Arizona State University has enrolled more than 9,000 freshmen this fall. Of that total, more than 1,300 of them are Hispanic, which represents an increase of about 16 percent from last year, according to Mistalene Calleroz, assistant vice president for University Student Initiatives. ASU has seen a steady increase in its Hispanic student population overall, which has grown 94 percent in the last 10 years.
“We’re very excited about that. One of the goals of ASU is to reflect Arizona. We’re getting closer and closer to that goal,” she says.
At the University of Arizona, this year’s freshmen represent the school’s most diverse first-year class, mostly due to what is estimated to be a 20 percent increase in Hispanic students over last year.
Both universities have also increased their number of National Hispanic Scholars, outstanding high school students who are highly sought-after by schools nationwide. ASU has 87, compared to last year’s 72, while UA’s 50 is double last year’s total.
Recruitment of Hispanic students plays a key role in this trend. Dean of the University of Arizona’s Honors College Patricia MacCorquodale says the trend reflects both in-state and out-of-state Hispanics, many of who are directly contacted by the university. In many cases, the seed is planted early with representatives visiting elementary, middle and high schools.
“There is an emphasis on working with students and their families. We get them to think about scholarships and financial aid,” she adds.
SPREADING THE WORD
Calleroz says getting the word out about the different personalities of ASU’s campuses and its more than 250 degree programs is a major part of attracting students. Letting them know finances do not have to be an obstacle is also vital. Currently, ASU partners with school districts in Phoenix, Tolleson, Glendale, Mesa, and Tempe Union.
“We’re recruiting more students who haven’t historically thought about ASU. There are intentional efforts to recruit students from underserved districts. We make a connection, build the pipeline. It’s been phenomenal,” she says.
Calleroz says that the large number of Hispanic student organizations attract and retain students as well. Graduates have the potential to be role models to the next generation of students, and can be the university’s best selling points.

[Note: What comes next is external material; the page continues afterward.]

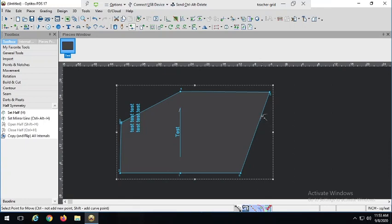That goes over all of our basic tools and functions for Optitex. I'm going to pick up in our next video with our first project, which is going to be to create a very simple pillow pattern. I'll see you then.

Calleroz recalls an ASU student who visited her elementary school in Tolleson to talk about her college experiences and get them thinking about education after high school. Afterward, the children wanted her to sign their backpacks.
“That kind of story really demonstrates the kind of impact that we can have if we go back to our community and show that college is no longer a luxury, but something you need and can be yours,” Calleroz says.